The Government of India Act 1833 formally separated the East India Company from political control, and the governor-general of Bengal became the governor general of India. Since the Government of India Act 1858, the council was known as the Viceroy's Executive Council.

==History==

The Regulating Act 1773 created the post of Governor-General of the Presidency of Fort William in Bengal and the presidencies of Bombay and Madras were made subordinate to the Bengal Presidency. Prior to this all the three presidencies were independent of each other and was headed by Governor General and his Council or Governor-in-council. The act designated Governor of Bengal as the Governor of the Presidency of Fort William to serve as Governor General of all British Territories in India. It also added provision that Governor General was to be assisted by an executive council of four members and was given a casting vote but no veto. This changed the structure of Governor in-council where Governor General was the sole authority to a council of 5 members. The members could only be removed by the British Monarch on representation from Court of Directors.

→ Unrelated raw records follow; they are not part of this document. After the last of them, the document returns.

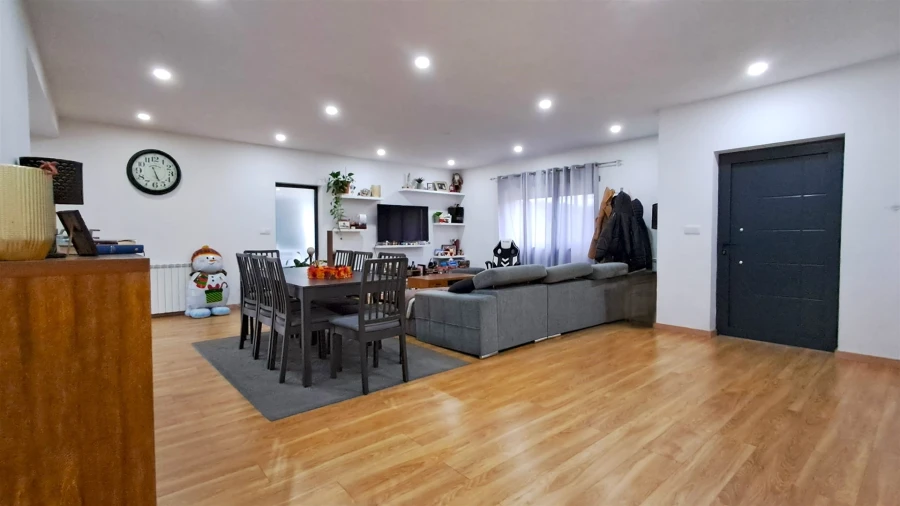 Moradia T4 para Venda em Mioma Foto 16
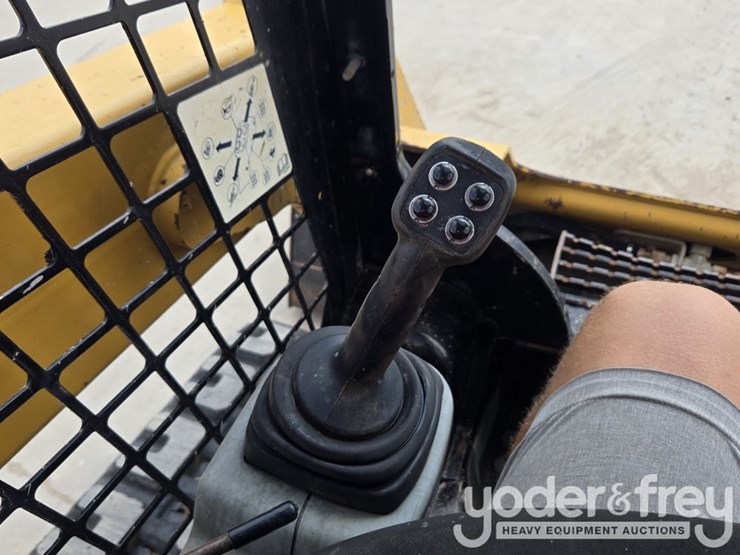 2016-caterpillar-259d-image-47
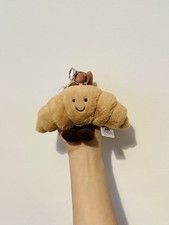 Amuseables Croissant Bag Charm Jellycat | Jelly Journal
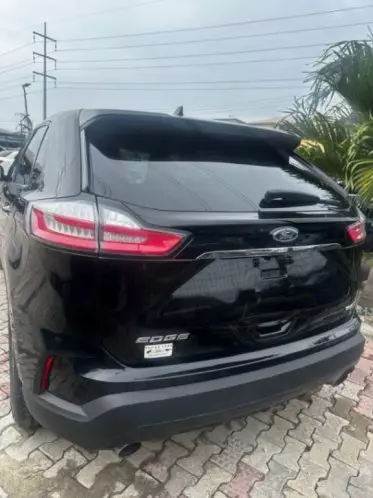 Ford Edge SE 2.0L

In 1774, Warren Hastings became the first Governor-General of the Presidency of Fort William, hence, the first head of the Supreme Council of Bengal. Other members of the council included Lt. General John Clavering, George Monson, Richard Barwell and Philip Francis.

Philip Francis along with Monson and Clavering reached Calcutta in October 1774, and a conflict with Warren Hastings started almost immediately. These three members of the council opposed Hasting's policies as Governor General and accused him of corruption. The situation climaxed with the Maharaja Nanda Kumar affair - in which Nanda Kumar accused Hastings of fraud and high corruption. This attempt to impeach Hastings was unsuccessful and Nanda Kumar was hanged in 1775 after being found guilty of forgery by Supreme Court of Bengal in Calcutta. The trial was held under childhood friend of Hastings Sir Elijah Impey - India's first Chief Justice. The majority - Francis, Clavering and Monson - within the council ended with Monson's death in 1776. Clavering died a year later and Francis was left powerless, but he remained in India and strove to undermine Hastings' governance. The bitter rivalry between the two men culminated in a duel in 1780, where Hastings shot Francis in the back. Francis left India in the hope of impeaching Hastings in 1780. Hastings resigned in 1785 and was later accused of committing a judicial murder of Nanda Kumar. Impeachment proceedings against him along with Elijah Impey were initiated by the parliament. A lengthy attempted impeachment by Parliament lasted from 1788 to 1795 eventually ending with Hastings being acquitted.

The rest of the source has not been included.